しかしながら、こうした必置義務付きの資格は決して難関ではなく(合格者を絞りすぎると産業活動が止まってしまう)、人材も急速に飽和していく。このため、販売士などほかの専門資格や知識や理論を加えておかないと神通力に陰りが出てくることを覚悟しておくベきだろう。

そのほかに、これからビジネスで役立ちそうな新資格としては、プロジェクトマネジメント関連が挙げられる。複数の人材が集まったプロジェクトを計画してリードしていくスキルを認定するもので、ビジネスの複雑化、高度化、大型化にも対応できる専門的な人材になれるわけだ。

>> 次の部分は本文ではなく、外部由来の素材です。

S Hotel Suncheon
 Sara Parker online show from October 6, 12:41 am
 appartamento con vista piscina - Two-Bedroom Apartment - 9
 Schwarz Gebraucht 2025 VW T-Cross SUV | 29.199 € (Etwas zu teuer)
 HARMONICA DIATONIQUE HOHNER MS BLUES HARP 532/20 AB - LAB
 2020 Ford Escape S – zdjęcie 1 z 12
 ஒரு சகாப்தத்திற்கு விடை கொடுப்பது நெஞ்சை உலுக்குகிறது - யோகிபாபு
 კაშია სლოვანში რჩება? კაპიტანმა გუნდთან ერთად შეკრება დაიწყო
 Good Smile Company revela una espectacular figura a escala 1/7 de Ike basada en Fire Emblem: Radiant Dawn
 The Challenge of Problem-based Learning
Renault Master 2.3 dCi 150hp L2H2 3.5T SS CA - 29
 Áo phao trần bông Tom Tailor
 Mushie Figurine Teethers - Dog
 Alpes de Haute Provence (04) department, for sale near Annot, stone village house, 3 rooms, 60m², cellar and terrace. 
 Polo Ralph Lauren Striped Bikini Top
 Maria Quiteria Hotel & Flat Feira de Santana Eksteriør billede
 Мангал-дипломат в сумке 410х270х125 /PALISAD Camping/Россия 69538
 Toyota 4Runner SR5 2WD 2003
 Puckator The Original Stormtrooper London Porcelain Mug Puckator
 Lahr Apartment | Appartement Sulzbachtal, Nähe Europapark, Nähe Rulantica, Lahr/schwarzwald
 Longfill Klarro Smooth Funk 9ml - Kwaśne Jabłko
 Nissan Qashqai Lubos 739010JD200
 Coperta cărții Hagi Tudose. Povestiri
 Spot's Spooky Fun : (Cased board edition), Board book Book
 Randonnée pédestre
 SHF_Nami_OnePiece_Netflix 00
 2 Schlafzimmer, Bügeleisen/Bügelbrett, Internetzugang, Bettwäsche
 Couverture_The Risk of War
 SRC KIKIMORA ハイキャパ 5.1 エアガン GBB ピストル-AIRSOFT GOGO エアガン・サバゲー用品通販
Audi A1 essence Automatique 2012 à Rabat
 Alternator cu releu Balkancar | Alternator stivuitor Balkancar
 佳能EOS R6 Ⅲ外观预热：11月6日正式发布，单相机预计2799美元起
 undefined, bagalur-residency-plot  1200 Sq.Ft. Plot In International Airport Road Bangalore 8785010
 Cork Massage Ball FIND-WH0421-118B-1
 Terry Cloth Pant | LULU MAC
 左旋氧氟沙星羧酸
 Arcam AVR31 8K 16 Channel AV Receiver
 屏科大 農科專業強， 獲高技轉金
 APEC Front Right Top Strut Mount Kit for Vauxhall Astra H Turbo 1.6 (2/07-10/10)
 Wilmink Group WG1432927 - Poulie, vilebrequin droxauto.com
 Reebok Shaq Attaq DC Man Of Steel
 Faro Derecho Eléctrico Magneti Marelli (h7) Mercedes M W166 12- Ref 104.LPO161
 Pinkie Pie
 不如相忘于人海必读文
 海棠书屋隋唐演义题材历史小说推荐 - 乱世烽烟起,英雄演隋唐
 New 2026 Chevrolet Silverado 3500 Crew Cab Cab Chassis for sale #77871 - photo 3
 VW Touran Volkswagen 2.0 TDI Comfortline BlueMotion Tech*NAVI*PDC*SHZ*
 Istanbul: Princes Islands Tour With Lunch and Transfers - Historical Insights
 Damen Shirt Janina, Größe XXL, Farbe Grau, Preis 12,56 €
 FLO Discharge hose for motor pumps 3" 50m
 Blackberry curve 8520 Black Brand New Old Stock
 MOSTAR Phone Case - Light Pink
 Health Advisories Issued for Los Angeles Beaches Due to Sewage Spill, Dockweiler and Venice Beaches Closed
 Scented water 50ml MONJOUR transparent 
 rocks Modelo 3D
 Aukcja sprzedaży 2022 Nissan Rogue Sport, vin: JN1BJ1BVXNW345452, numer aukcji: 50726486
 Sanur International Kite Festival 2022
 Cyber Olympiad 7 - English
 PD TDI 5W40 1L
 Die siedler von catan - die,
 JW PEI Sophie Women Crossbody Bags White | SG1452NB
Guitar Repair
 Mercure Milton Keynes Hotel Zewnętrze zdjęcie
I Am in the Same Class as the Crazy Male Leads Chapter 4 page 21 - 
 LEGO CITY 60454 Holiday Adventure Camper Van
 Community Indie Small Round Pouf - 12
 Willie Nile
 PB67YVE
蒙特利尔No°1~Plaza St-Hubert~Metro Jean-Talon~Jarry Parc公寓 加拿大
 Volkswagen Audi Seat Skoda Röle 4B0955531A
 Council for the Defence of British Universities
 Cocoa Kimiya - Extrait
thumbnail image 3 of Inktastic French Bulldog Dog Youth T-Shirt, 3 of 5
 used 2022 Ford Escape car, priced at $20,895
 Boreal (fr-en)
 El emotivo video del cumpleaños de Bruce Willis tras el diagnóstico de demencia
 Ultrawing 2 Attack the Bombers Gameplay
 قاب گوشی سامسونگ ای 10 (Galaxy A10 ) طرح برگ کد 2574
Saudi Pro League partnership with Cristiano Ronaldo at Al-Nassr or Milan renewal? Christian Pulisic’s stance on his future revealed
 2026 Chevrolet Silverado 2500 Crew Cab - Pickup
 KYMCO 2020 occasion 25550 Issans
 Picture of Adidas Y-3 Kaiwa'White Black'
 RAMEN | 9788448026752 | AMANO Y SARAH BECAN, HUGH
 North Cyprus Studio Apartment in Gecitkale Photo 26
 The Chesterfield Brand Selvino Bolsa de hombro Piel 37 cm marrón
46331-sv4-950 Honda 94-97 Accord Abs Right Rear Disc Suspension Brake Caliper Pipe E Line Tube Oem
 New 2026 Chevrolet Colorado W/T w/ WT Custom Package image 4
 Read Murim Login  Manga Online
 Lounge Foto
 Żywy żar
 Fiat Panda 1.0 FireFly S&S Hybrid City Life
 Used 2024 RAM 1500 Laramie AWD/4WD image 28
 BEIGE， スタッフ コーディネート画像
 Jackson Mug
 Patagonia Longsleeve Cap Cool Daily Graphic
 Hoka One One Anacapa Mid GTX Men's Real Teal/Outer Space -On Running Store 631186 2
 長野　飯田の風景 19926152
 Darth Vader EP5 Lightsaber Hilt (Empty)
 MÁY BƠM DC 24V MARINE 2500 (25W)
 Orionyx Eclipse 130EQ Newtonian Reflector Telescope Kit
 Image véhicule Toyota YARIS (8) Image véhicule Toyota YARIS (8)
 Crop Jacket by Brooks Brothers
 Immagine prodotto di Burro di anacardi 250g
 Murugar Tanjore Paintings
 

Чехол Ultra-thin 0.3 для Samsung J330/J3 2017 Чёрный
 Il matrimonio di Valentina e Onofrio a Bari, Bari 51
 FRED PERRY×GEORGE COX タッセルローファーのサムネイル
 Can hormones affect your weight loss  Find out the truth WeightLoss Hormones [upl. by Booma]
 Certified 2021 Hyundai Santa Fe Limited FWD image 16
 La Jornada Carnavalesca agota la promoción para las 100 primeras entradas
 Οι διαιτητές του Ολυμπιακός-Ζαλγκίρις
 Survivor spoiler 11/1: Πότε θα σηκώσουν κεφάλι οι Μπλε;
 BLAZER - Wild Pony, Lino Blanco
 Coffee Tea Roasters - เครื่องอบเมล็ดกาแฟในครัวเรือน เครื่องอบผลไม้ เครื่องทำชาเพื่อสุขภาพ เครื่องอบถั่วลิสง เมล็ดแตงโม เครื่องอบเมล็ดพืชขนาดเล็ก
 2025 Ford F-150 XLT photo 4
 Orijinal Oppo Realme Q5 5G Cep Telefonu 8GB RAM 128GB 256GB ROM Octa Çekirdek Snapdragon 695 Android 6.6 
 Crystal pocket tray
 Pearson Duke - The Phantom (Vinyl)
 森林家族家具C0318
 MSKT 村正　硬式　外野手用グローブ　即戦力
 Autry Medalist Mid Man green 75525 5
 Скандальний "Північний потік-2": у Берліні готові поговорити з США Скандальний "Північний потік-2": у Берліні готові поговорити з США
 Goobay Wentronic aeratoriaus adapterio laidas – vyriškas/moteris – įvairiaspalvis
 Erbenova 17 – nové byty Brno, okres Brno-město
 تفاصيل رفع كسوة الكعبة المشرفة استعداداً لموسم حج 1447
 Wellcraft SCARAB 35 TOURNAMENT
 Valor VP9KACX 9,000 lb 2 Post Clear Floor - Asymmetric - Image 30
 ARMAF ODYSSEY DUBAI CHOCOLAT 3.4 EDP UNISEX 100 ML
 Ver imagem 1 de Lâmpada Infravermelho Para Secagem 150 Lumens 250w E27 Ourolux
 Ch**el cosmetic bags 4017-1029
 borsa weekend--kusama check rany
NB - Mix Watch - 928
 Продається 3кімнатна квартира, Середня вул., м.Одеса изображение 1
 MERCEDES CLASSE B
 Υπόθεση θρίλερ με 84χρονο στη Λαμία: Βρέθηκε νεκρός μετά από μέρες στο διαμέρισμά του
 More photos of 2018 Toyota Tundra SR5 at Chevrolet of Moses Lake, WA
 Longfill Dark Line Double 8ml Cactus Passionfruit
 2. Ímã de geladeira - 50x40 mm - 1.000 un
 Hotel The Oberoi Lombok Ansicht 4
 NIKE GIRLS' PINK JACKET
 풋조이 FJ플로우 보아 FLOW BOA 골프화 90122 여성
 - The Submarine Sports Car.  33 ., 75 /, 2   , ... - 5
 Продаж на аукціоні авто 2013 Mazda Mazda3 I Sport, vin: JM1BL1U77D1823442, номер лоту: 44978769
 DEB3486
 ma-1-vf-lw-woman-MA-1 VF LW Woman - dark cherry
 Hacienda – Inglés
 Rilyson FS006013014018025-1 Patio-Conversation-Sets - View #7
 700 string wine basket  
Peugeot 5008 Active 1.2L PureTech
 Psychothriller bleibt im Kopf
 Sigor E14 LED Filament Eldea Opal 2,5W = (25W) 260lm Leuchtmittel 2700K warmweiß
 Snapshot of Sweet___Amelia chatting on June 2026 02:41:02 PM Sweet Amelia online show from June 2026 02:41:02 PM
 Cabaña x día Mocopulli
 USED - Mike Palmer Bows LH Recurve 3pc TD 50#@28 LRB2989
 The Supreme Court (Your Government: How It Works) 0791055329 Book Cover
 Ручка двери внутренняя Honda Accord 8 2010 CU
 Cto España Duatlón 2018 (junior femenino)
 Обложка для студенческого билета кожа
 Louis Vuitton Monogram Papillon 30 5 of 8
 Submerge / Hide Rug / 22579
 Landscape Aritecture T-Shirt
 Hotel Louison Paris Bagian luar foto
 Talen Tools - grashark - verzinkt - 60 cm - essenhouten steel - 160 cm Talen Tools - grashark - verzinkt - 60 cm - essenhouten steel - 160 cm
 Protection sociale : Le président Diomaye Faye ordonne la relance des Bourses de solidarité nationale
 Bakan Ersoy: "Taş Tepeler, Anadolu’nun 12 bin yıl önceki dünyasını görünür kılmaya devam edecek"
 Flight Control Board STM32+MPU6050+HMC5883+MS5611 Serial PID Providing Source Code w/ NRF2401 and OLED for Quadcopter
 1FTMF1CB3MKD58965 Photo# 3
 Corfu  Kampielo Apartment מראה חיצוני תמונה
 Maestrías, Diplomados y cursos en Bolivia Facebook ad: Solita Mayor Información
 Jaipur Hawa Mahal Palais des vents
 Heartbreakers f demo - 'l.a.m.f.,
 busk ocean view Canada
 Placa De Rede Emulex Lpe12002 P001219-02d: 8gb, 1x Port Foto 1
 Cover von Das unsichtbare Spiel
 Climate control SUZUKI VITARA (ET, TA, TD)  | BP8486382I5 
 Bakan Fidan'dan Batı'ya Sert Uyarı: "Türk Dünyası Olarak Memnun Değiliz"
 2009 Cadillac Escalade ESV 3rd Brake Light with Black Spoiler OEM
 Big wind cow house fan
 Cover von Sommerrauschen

国内では日本プロジェクトマネジメント協会がプロジェクトマネジメント・コーディネータから始まる4段階の試験を実施している。海外でも、アメリカに本部を持つPMIがPMP(プロジェクトマネジメントプロフェッショナル)を実施しており、国内にも日本支部がある。

試験は日本語でも可能だが実務経験が必要など敷居は高い。しかし、「プロジェクトマネジメントに関する資格のデファクト・スタンダードとして広く認知されており、(中略)IT・建設をはじめとする多くの業界から注目されています」(PMI日本支部のホームページより)という。

認知度は決して高いとはいえない資格だが、ビジネスプロセスの構築やチームワークなど幅広く応用できる知識やスキルを得られるため、今後経営者を目指すホワイトカラーにとっては注目すべき分野といえるだろう。